Irren ist menschlich – deshalb weiß es auch die KI nicht besser
Wer ist nun für eine Ethik der Algorithmen in der Pflicht beziehungsweise verantwortlich: Ist es der Developer, der den Algorithmus programmiert und ein Vorurteil in den Code bereits einbettet? Sind es die Algorithmen selbst, die diese Entscheidungen fällen? Im Bereich des Natural Language Processing müssen wir etwa erstaunt feststellen, wie GPT-3-Algorithmen zu eigenständigen Resultaten kommen und beispielsweise gut klingende Artikel produzieren.

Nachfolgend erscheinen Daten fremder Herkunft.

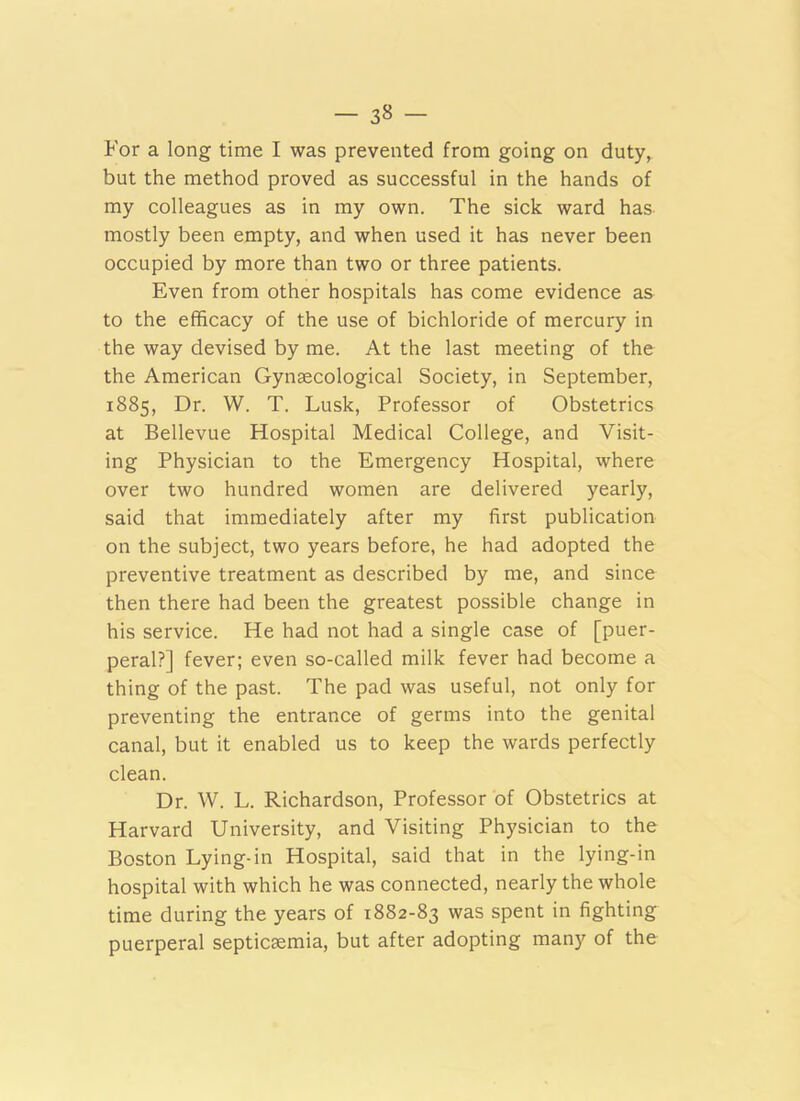 For a long time I was prevented from going on duty, but the method proved as successful in the hands of my colleagues as in my own. The sick ward has mostly been empty, and when used it has never been occupied by more than two or three patients. Even from other hospitals has come evidence as to the efficacy of the use of bichloride of mercury in the way devised by me. At the last meeting of the the American Gynsecological Society, in September, 1885, Dr. W. T. Lusk, Professor of Obstetrics at Bellevue Hospital Medical College, and Visit- ing Physician to the Emergency Hospital, where over two hundred women are delivered yearly, said that immediately after my first publication on the subject, two years before, he had adopted the preventive treatment as described by me, and since then there had been the greatest possible change in his service. He had not had a single case of [puer- peral?] fever; even so-called milk fever had become a thing of the past. The pad was useful, not only for preventing the entrance of germs into the genital canal, but it enabled us to keep the wards perfectly clean. Dr. W. L. Richardson, Professor of Obstetrics at Harvard University, and Visiting Physician to the Boston Lying-in Hospital, said that in the lying-in hospital with which he was connected, nearly the whole time during the years of 1882-83 was spent in fighting puerperal septicaemia, but after adopting many of the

Julia Gundlach, Projektmanagerin von Algorithmenethik, einem Projekt der Bertelsmann Stiftung, kommentiert: „Mit der Verantwortung für die ethische Ausgestaltung algorithmischer Systeme verhält es sich ähnlich wie bei einem Orchester: Jede Musikerin und jeder Musiker ist mit dafür verantwortlich, wie die Musik klingt und wenn etwas schief klingt, kann man nicht den Instrumenten die Schuld geben. Auch in der Welt der Algorithmen sind es immer Menschen, die entscheiden – das gilt auch beim Machine Learning.“ Timo Daum, Autor von „Die Künstliche Intelligenz des Kapitals“, sieht das noch differenzierter: „Sind die Programmier:innen wirklich diejenigen, die den Überblick über die Mechanismen und Ziele der Algorithmen haben, an denen sie arbeiten, und gleichzeitig auch noch die Macht und den Einfluss besitzen, um diskriminierenden Code oder einseitige Datensätze zu erkennen und zu verändern? Wohl kaum. Aber auch die Vorstellung, algorithmischer Bias würde durch männliche Programmier-Nerds unbewusst in deren Code einfließen, überschätzt wohl die Spielräume derjenigen, deren Aufgabe es schließlich ist, die Business-Logik ihrer Auftraggeber nach strengen Regeln in ausführbaren Programmcode umzusetzen.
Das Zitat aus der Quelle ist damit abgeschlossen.